By means of bus midpoint voltage sampling, online adjustment is carried out through an optimization software algorithm: although the technical method needs fewer peripheral devices, the requirement on the sampling precision of the midpoint voltage of the bus is higher, and the algorithm of a control loop is more complex. In addition, when the sampling of the midpoint voltage of the bus is interfered, the machine works abnormally, and a worse effect is possibly generated; when the machine is operated in some states such as a startup and shutdown process/a load switching process, reliable and effective adjustment cannot be realized.

Disclosure of Invention

The embodiment of the invention aims to provide an automatic balancing circuit for the midpoint voltage of an I-type three-level bus in a converter, which can automatically perform dynamic balancing adjustment on the midpoint voltage of a bus capacitor in real time, so that positive and negative half-cycle waveforms output by a DC/AC are more symmetrical.

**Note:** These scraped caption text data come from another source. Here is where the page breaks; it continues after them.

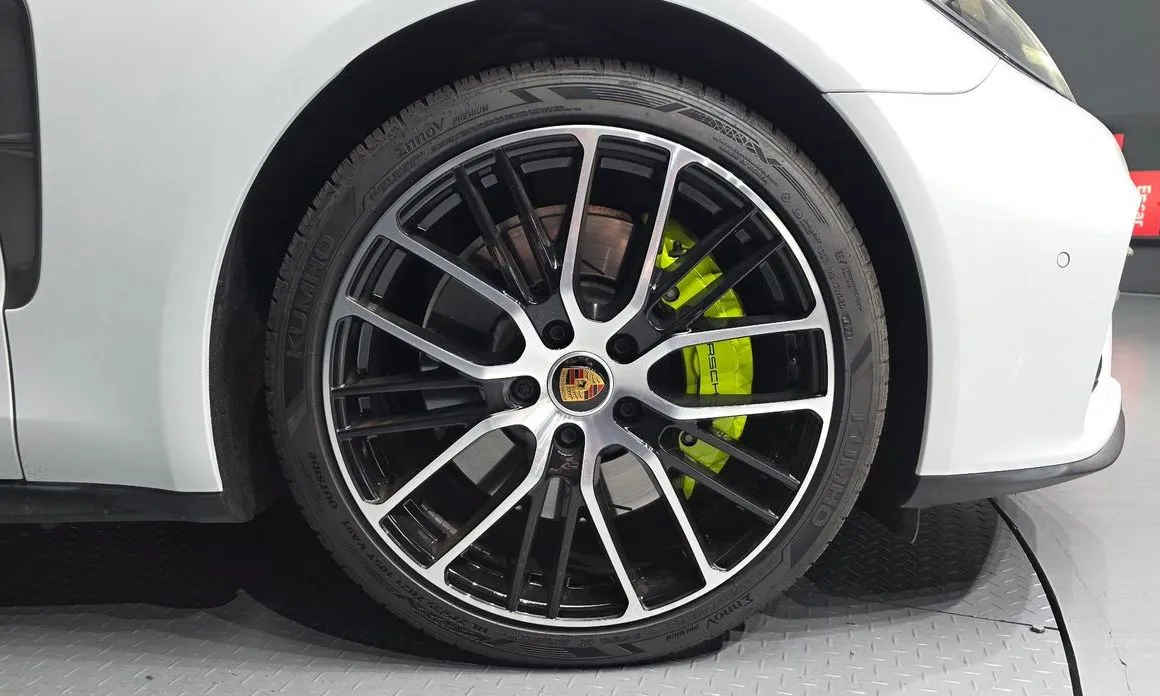 Porsche Panamera 2023 из KR, фото 8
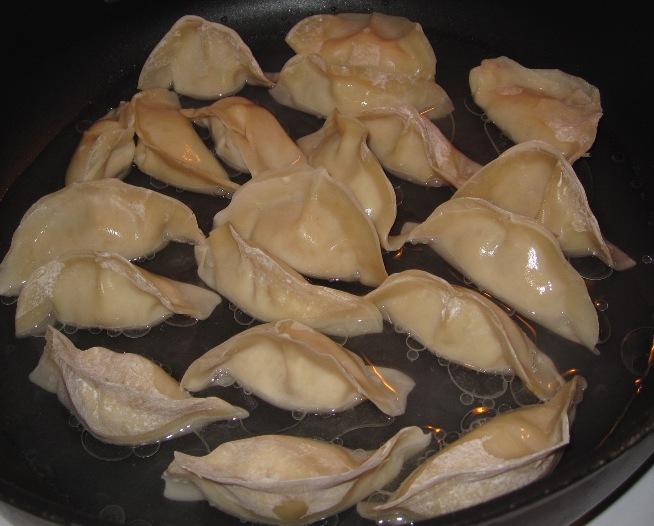 jiaozi cooking- Mar 2012.jpg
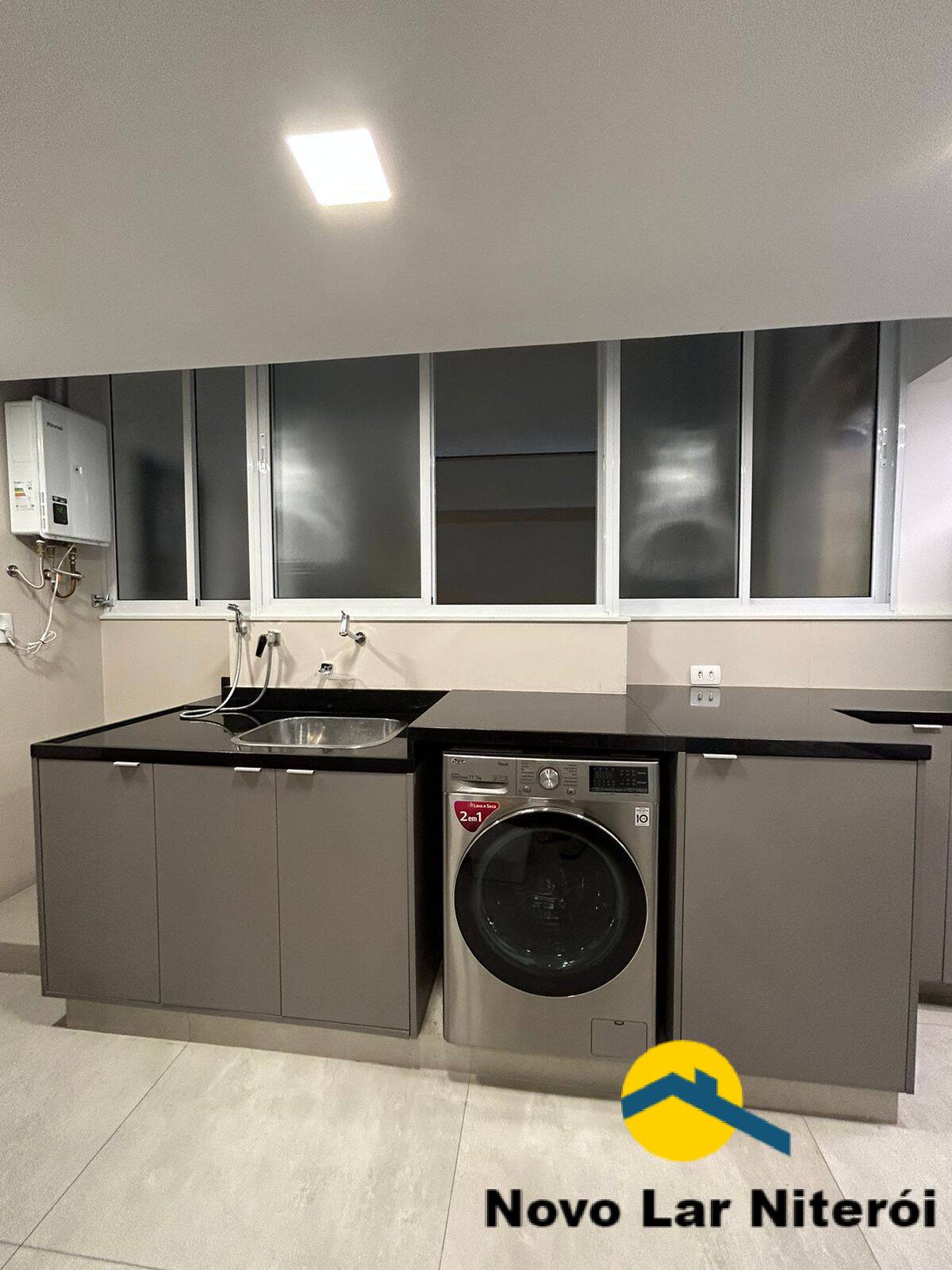 Apartamento à venda com 4 quartos, 250m² - Foto 17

The embodiment of the invention is realized as follows:

an automatic balancing circuit for neutral point voltage of an I-type three-level bus in a converter comprises: the input soft start device, a serial branch circuit formed by serially connecting a bus capacitor C1 and a bus capacitor C2, an automatic equalization circuit, an I-type NPC three-level bridge arm and an output filter; the direct current input end is connected with the input soft start device, the series branch is connected between the direct current input ends in parallel, the automatic equalization circuit is connected between the direct current input ends and is connected with a connection point of a bus capacitor C1 and a bus capacitor C2, the I-type NPC three-level bridge arm is connected between the direct current input ends and is connected with the automatic equalization circuit, and the output filter is connected with a voltage output end of the I-type NPC three-level bridge arm and is connected with a connection point of the bus capacitor C1 and a bus capacitor C2;

the automatic equalization circuit comprises a power device IGBT5, a power device IGBT6, a transformer TR1, a capacitor C3 and a capacitor C4, wherein the power device IGBT5, an N2 winding of the transformer TR1, a capacitor C3, a capacitor C4, an N3 winding of the transformer TR1 and a power device IGBT6 are sequentially connected in series and then connected between direct current input ends, wherein the power device IGBT5 is connected with the same-name end of an N2 winding of the transformer TR1, the other end of an N2 winding of the transformer TR1 is connected with a capacitor C3, the power device IGBT6 is connected with the same-name end of an N3 winding of the transformer TR1, and the other end of an N3 winding of the transformer TR1 is connected with a capacitor C4; the dotted end of an N1 winding of the transformer TR1 is connected to the connection point of a capacitor C3 and a capacitor C4, the other end of an N1 winding of the transformer TR1 is connected with an I-type NPC three-level bridge arm, and the connection point of a capacitor C3 and a capacitor C4 is connected with the connection point of a bus capacitor C1 and a bus capacitor C2;

the power device IGBT5 and the power device IGBT6 are provided with anti-parallel free-wheeling diodes.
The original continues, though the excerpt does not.